Le rapport à l’image aux fondements de l’œuvre

Jusqu’au 6 janvier 2020, le Palais des Beaux-Arts de Lille accueille l’exposition « Le Rêve d’être
artiste »
. En partenariat avec Cité Philo, Régis Cotentin, commissaire de l’exposition, a animé une conférence
à l’auditorium du Palais. Paul Audi,
philosophe, et Olivier Blanckart,
artiste dont plusieurs œuvres sont exposées, ont discuté des rapports entre le
créateur, la création et sa perception par le public.

 

Le rapport à l’image aux fondements de
l’œuvre

 

Le travail d’Olivier Blanckart
part du constat que « nous vivons
dans un monde saturé d’images ; notre réel ce sont les images »
.
Une partie de ses œuvres repose sur des personnalités publiques de notre époque.
Elles ne sont pas dans forcément dans la représentation séduisante mais elles
soignent leur image à grand renfort de codes visuels : imaginerait-on
Donald Trump sans sa mèche blonde ? Autant de personnalités « condamnées à être fidèles à l’image
qu’elles ont fixée d’elles-mêmes »
, somme toute. La « marginalité de l’artiste »
lui laisse alors toute possibilité de se moquer d’eux, en les parodiant.

A l’origine de toute création
artistique, « c’est un corps vivant
qui est à l’œuvre »
rappelle-t-il. Quand il fait une photographie, il
se met parfois en scène et s’auto-représente. Le professeur des Beaux-Arts de
Paris est, par exemple, un fervent défenseur de la « sculpture d’expression humaine » et des modèles
vivants.

 

L’éthique, l’esthétique et l’artiste

 

Paul Audi est à l’origine du concept d’« esth/éthique ». Parmi toutes les façons différentes
d’aborder l’art, il a choisi de voir l’œuvre comme un énoncé, formé d’une
proposition qui repose sur une énonciation.

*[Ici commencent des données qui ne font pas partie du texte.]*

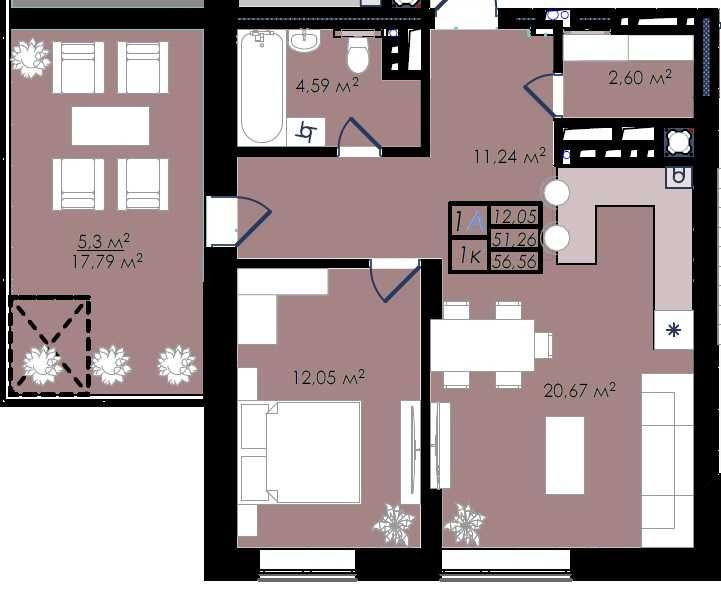 Продаж 2-кім квартири з терасою по вул Стрийській від забудовника Львів - зображення 5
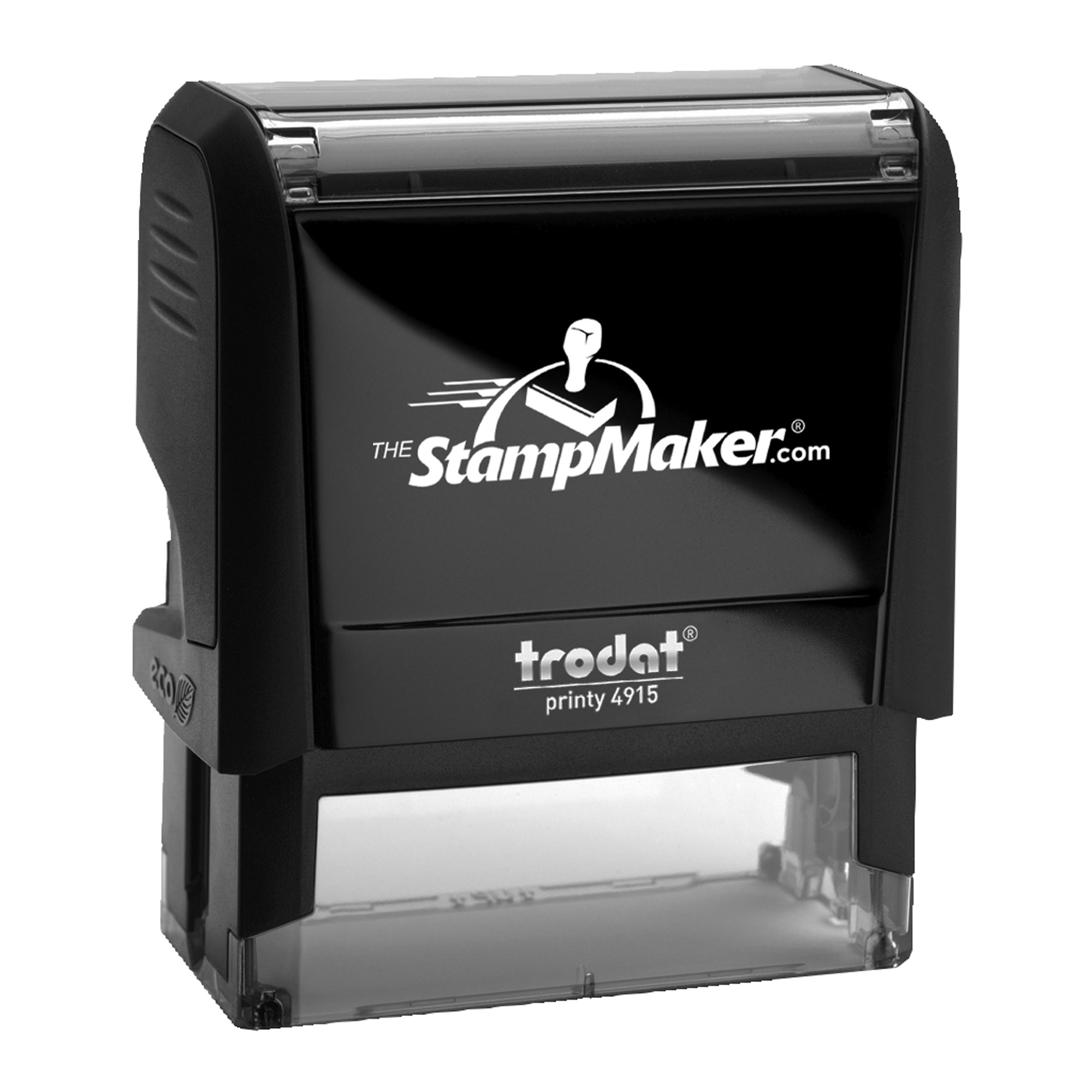 One Line Custom Rubber Stamp - Self-Inking Custom Stamp, 11 Colors  Available - Clear Base & Refillable Ink Pad - Personalized Stamp for Work,  Business, Postage : Business Stamps : Office Products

Il s’agit de « raccorder l’œuvre au créateur, le Je qui agit et l’œuvre qui en
résulte ».
L’esth/éthique serait un « point de recouvrement entre l’éthique et l’esthétique ».
Le philosophe part du principe que toute création vient d’un vœu, une
aspiration. La réception publique accompagne, parfois, ce vœu : « Stravinsky produit un choc
révolutionnaire, Koons provoque un choc conservateur »
, répond Olivier
Blanckart à une question du public sur le rapport entre l’époque et l’œuvre.

 

Quelques mots du commissaire de
l’exposition Le Rêve d’Etre Artiste

 

Au Beau Café de l’atrium du
Palais des Beaux-Arts, nous avons discuté avec Régis Cotentin, l’un commissaires
de l’exposition. Il nous explique que l’objectif est de « rendre compte de l’évolution du statut et de l’image de l’artiste au sein de la société, et donc aussi de la mutation
de son rôle social au fil du temps, de la Renaissance à aujourd’hui»
. L’exposition montre l’artiste comme un
être humain dont la vision du monde évolue selon les circonstances, les
opportunités, au gré des rencontres, des hauts et des bas de l’existence. « Comme tous, il cherche comment faire
pour vivre sa vie, à donner du sens à son existence… La création dépend aussi des
bonnes ou mauvaises conditions de ‘la vie d’artiste’ qui n’est pas seulement
faite de projets et d’inspiration
. Peut-être
faudrait-il rajouter un point d’interrogation au titre : ‘ Le rêve
d’être artiste (?)’ »
. Pendant la conférence, Olivier Blanckart
n’a pas non plus occulté la dimension « institutionnelle
et économique »
de son art : parfois, il n’a pas les moyens de
monter ses projets, qu’il garde en maquettes ou en idées.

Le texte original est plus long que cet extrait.